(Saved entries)
_ _ _ _ _ _ _
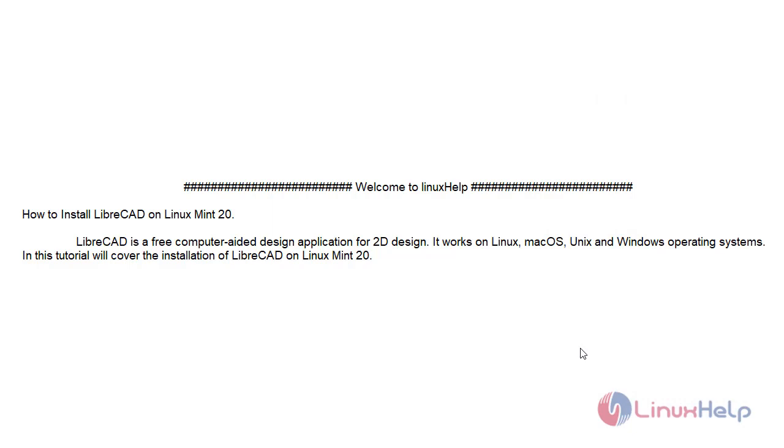Welcome to Linux Help. Today we will see about how to install LibreCAD on Linux Mint 20. LibreCAD is a free computer-aided design application for 2D design.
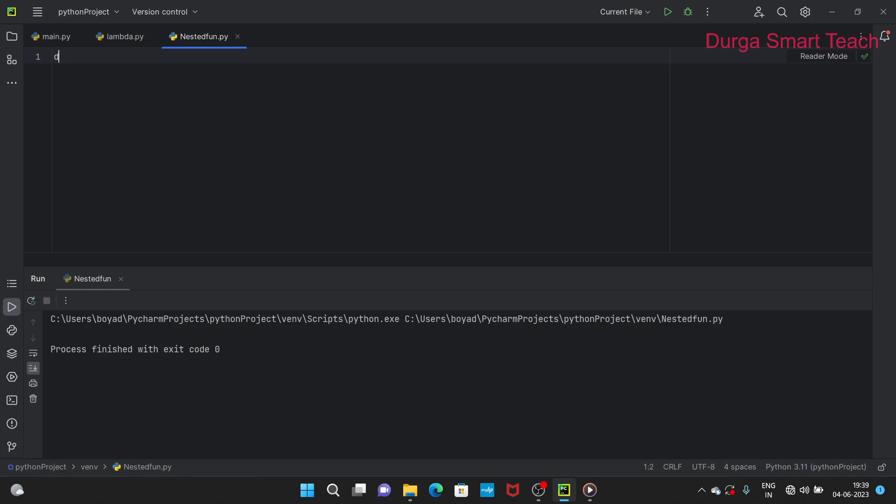Hello students, welcome to my channel. Today I am going to discuss nested functions in Python.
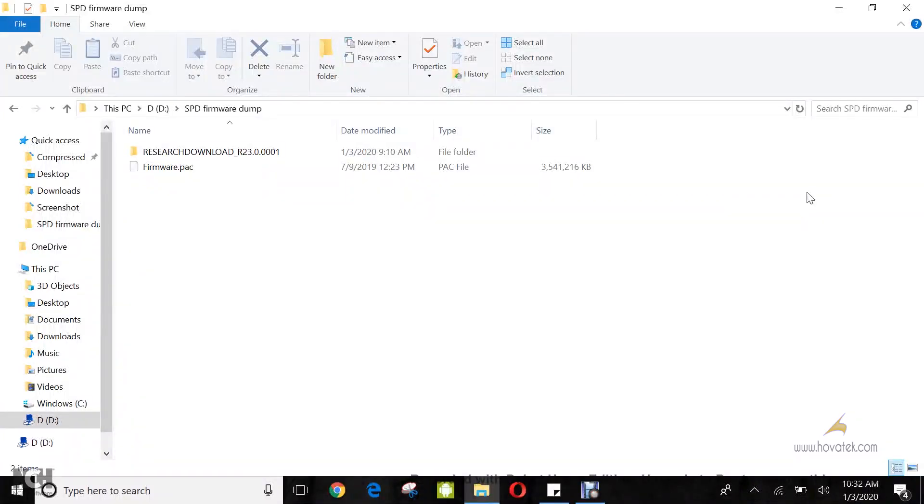In this video tutorial, I'll explain how to use Reset Download Tool to backup a Spreadtrum device's firmware. Apparently I have a cold, so sorry about my voice.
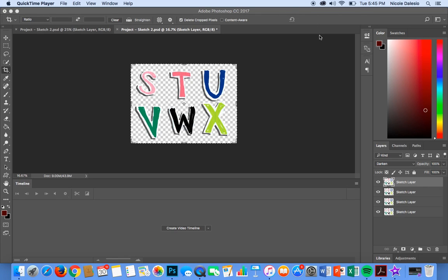Okay, so here I am in Photoshop CC on my desktop and I have sent this file straight over from Adobe Sketch.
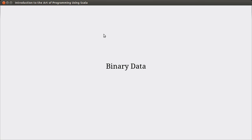Welcome back to the video lecture series for Introduction to the Art of Programming using Scala. In this video we continue to talk about streaming I/O and the Java libraries, and in particular we're going to focus on how we deal with binary data.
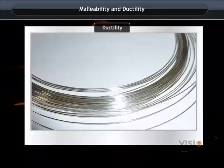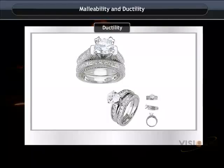Gold and silver are the most malleable and ductile metals. Also, these metals are very shiny. Hence, they are used extensively for making jewellery.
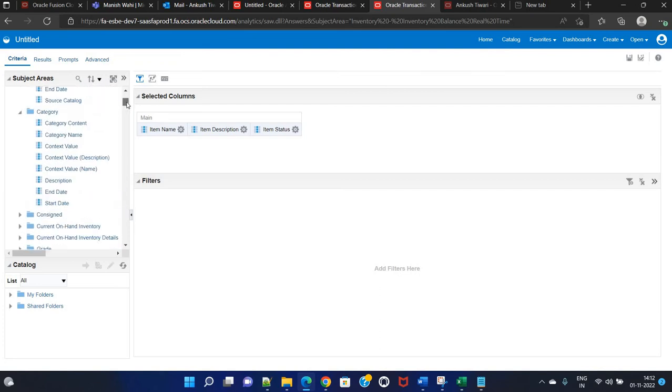Now let's take some of the category columns. For example, category name and category description.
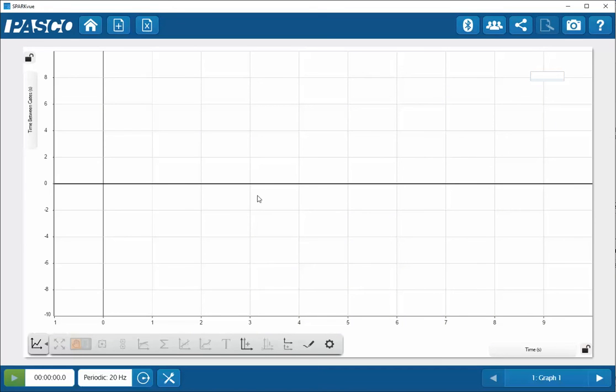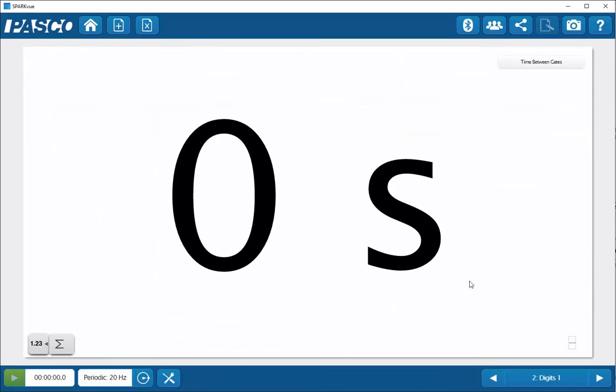The first display that will be shown will be the graph. For the time between gates, I'm actually going to display the digits display.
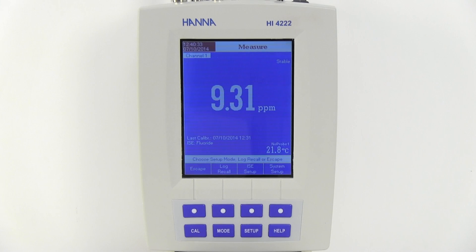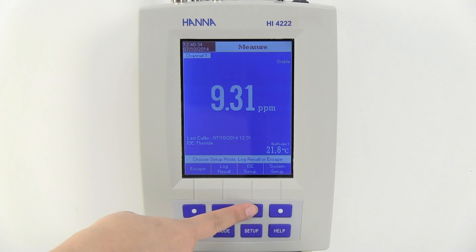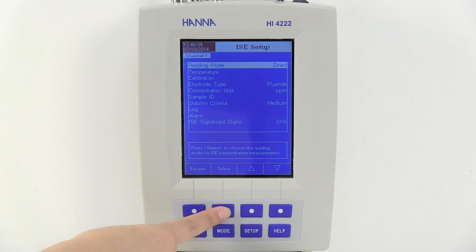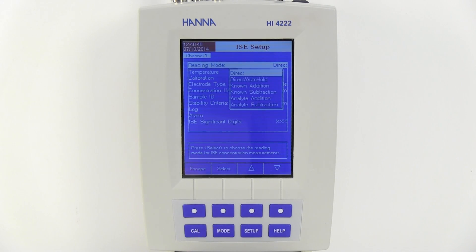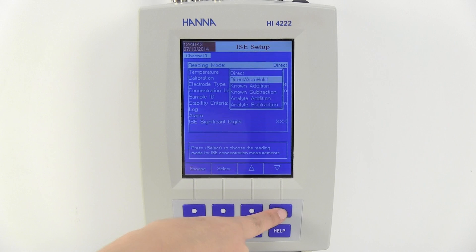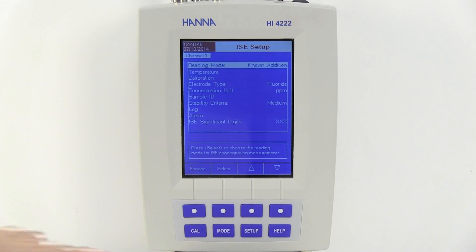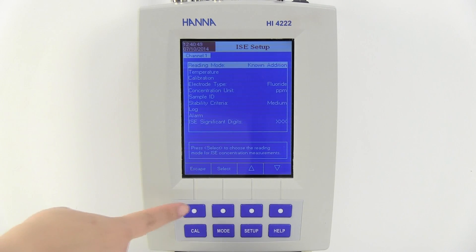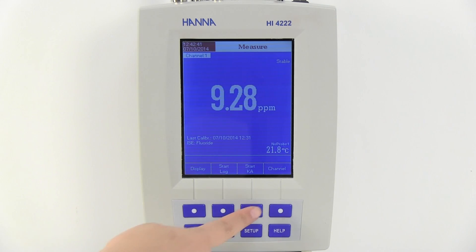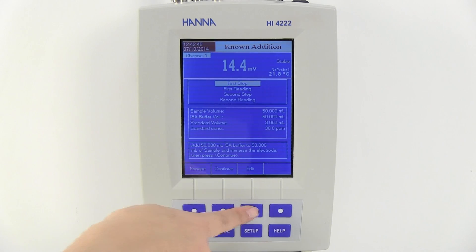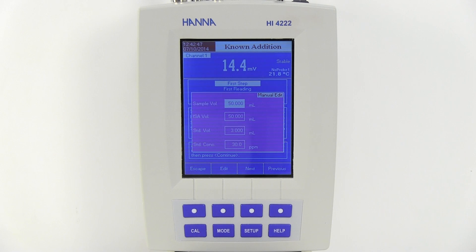On the meter, we can activate the program by simply going to ISE setup and selecting reading mode. Here we can choose between direct measurement or one of four incremental methods available. Once the known addition method has been selected, we can start the measurement by pressing Start KA.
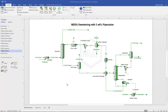Let's talk about the reporting options available in Promax. This video will cover three different types of reports: creating a generic report, using the template reports already available in the Promax software, and how to create a user-defined report template.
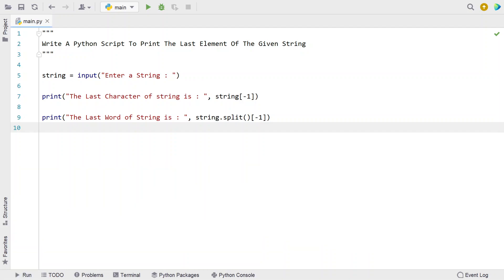So this is the complete Python script to print the last element of a given string. I'll give this code in the description of this video. That's it in this video — hope you liked it. Thank you for watching. Bye.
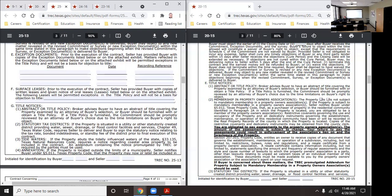Surface leases are similar to exception documents — these are leases permitted as exceptions to the title policy. For example, if a drilling company has a drill on the property surface and a lease allowing them to use it, you cannot refuse them that right. Just as with exception documents, these are binding even after you purchase the property.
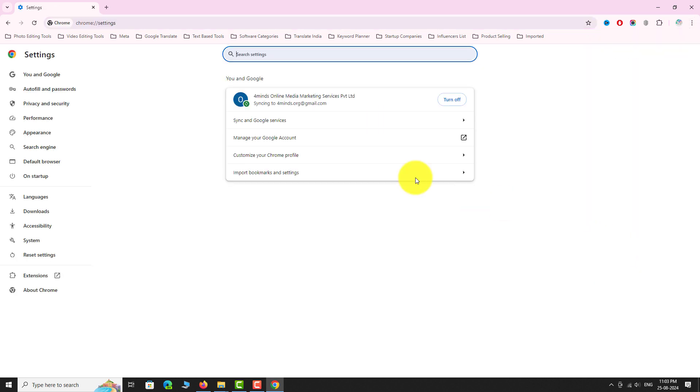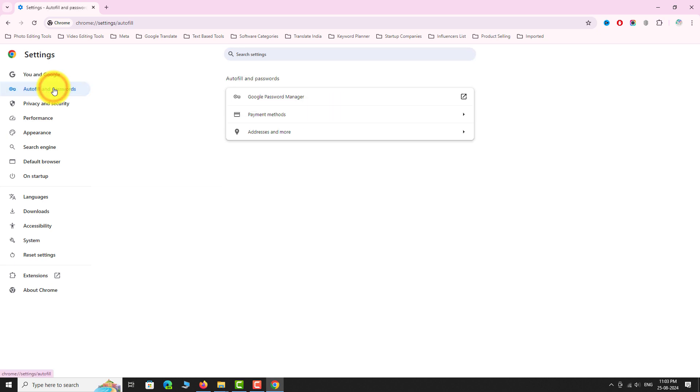In the left sidebar, click on Autofill and Passwords. On this page, click on Google Password Manager.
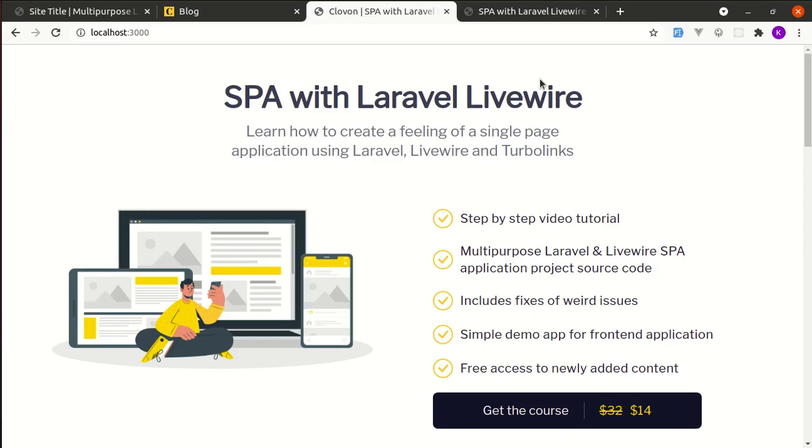All right friends, finally the SPA with Laravel Livewire course has launched. In this course you will learn how to create a feeling of a single page application using Laravel Livewire and Turbolinks, and this is the landing page that is built using Tailwind CSS.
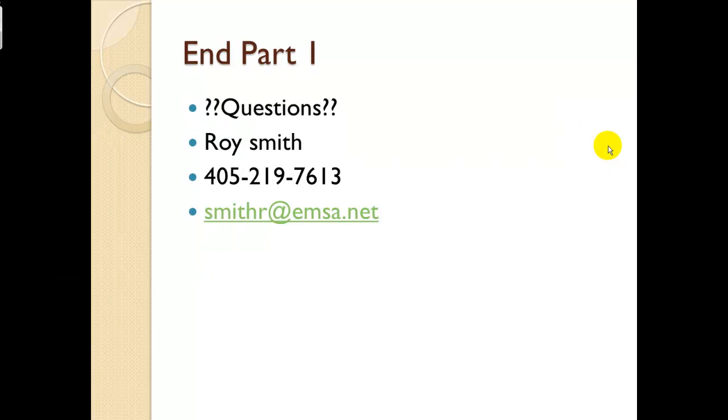This ends Part 1. If you have any questions, feel free to contact me. My name is Roy Smith.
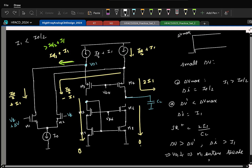As a designer you have two choices: I1 greater than I0/2, or I1 smaller than I0/2. What might be a good choice?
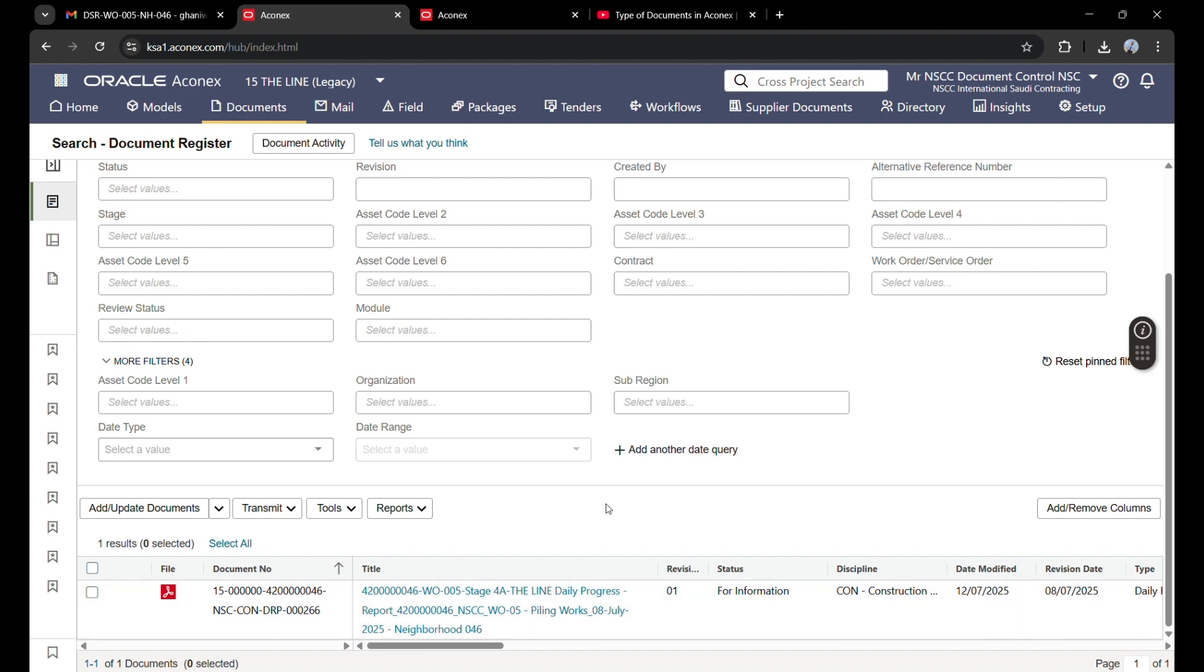So this was about uploading a single document. In the next video, we will learn how to upload multiple documents—two, three, or four documents at a time. Thank you for your attention. We will see you in the next video.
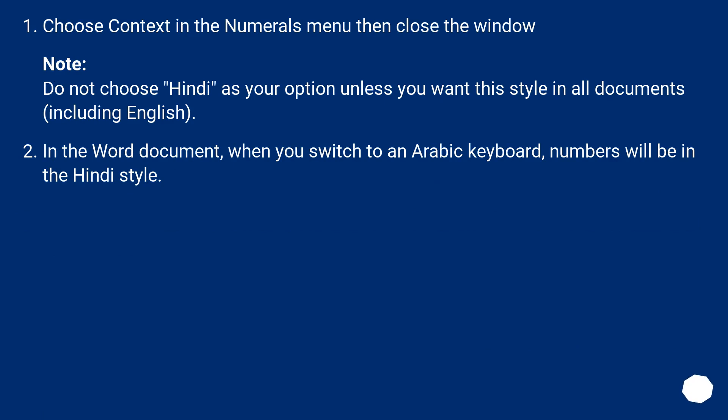Note: Do not choose Hindi as your option unless you want this style in all documents, including English. In the Word document, when you switch to an Arabic keyboard, numbers will be in the Hindi style.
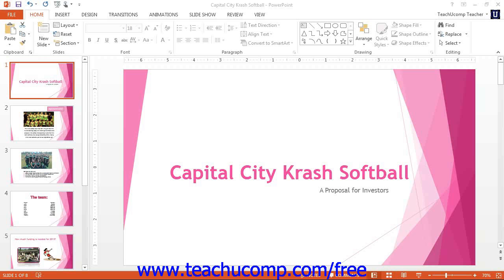Before you print your presentations, use Print Preview to see how your presentation will actually print on paper, prior to actually printing it. To view your currently open presentation in Print Preview, click the File tab in the ribbon and then click the Print command.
_ _ _ _ _ _ _
Task details —
Exact copy, pictures omitted: every line from the one holding "All right friends, finally" through the last line of the data above, and nothing else.

Finished exercise —
All right friends, finally the SPA with Laravel Livewire course has launched. In this course you will learn how to create a feeling of a single page application using Laravel Livewire and Turbolinks, and this is the landing page that is built using Tailwind CSS.
This ends Part 1. If you have any questions, feel free to contact me. My name is Roy Smith.
As a designer you have two choices: I1 greater than I0/2, or I1 smaller than I0/2. What might be a good choice?
So this was about uploading a single document. In the next video, we will learn how to upload multiple documents—two, three, or four documents at a time. Thank you for your attention. We will see you in the next video.
Note: Do not choose Hindi as your option unless you want this style in all documents, including English. In the Word document, when you switch to an Arabic keyboard, numbers will be in the Hindi style.
Before you print your presentations, use Print Preview to see how your presentation will actually print on paper, prior to actually printing it. To view your currently open presentation in Print Preview, click the File tab in the ribbon and then click the Print command.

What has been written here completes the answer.